Waking up middle aged
The only thing common to all the characters in Updike’s Problems and Other Stories is being middle aged in that regular modern mold where the marriage has gone cold and you love her but as a sort of nostalgia or maybe just as a habit, or where you’re in the beginning or end of the divorce that was either depressingly cordial or out-of-proportion vicious, where you have a kid who’s snotty and spoiled and who seem just like their parents except the parents can’t see it.
I was reading Updike, then falling asleep in the way you fall asleep when you know you can’t so you jerk awake in 10 minutes or 15 minutes and then I was dozing again so I set the alarm for 20 minutes, just in case, and kept reading about this guy who’s driving across Nevada after his divorce and his daughter keeps trying to take care of him and….

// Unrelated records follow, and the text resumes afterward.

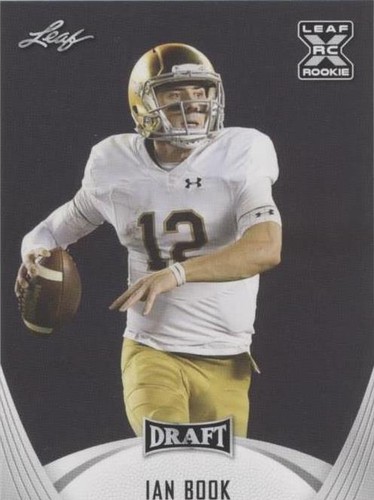 2021 Leaf Draft Ian Book #07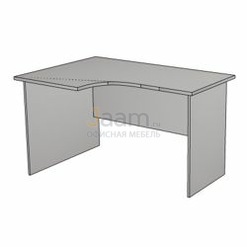 Мебель для персонала Стол криволинейный СФ256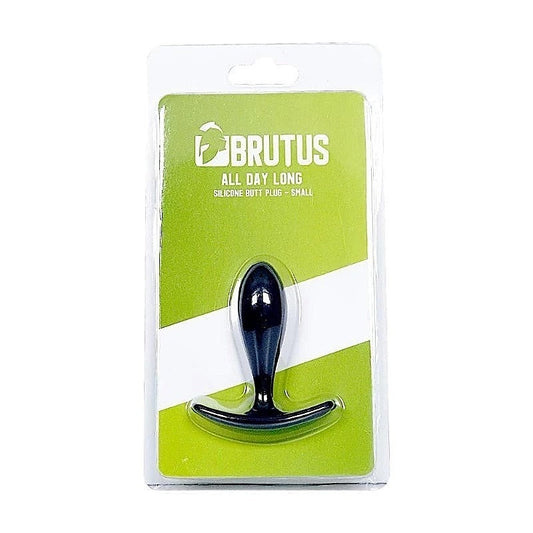 Silicone Butt Plug by Brutus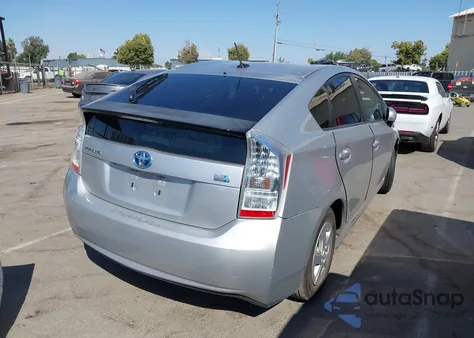 2010 Toyota Prius Iii from USA, damaged, VIN JTDKN3DU3A0057481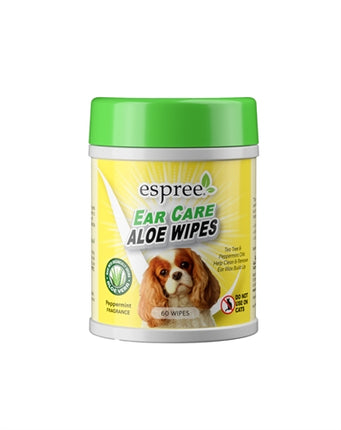 Product image of:ESPREE VERZORGINGSDOEKJES ALOE VOOR OREN HOND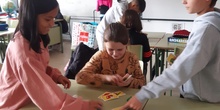 Marathon de juegos de mesa en 5ºB_CEIP FDLR_Las Rozas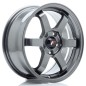 JR Wheels JR3 16x7 ET25 4x100 Gun Metal JR Wheels JR3 16x7 ET25 4x100 Gun Metal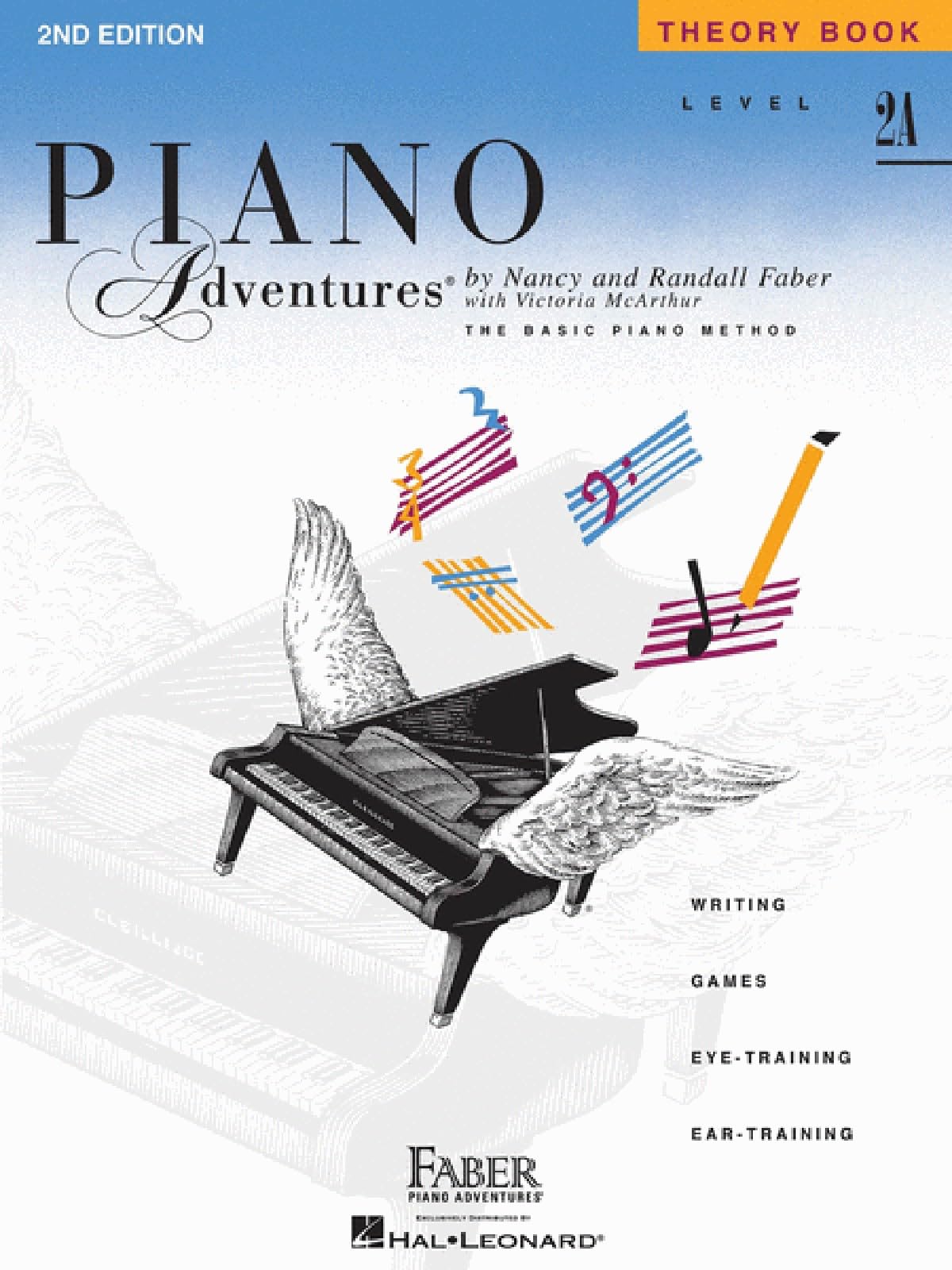 Piano Adventures Theory Book Level 2A. 2nd Edition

The alarm screeches scolding and I’m up with that feeling of not knowing what room this is, except it’s worse… “Who am I?
“Am I married to a woman I love only in the sense that I’m nostalgic about our past or to a woman I don’t love but who is part of my habit? Hmmmm. I don’t think so.
“Am I getting divorced? Noooo. I don’t think I’ve ever been married actually.
“Do I have a snotty kid I think might not be learning to cope with life? No. No kids at all, unadjusted or otherwise.
“Wait. I’m a 21-year-old college student who fell asleep in his dorm room reading Updike. That’s right.”
And it’s not like that was a relief.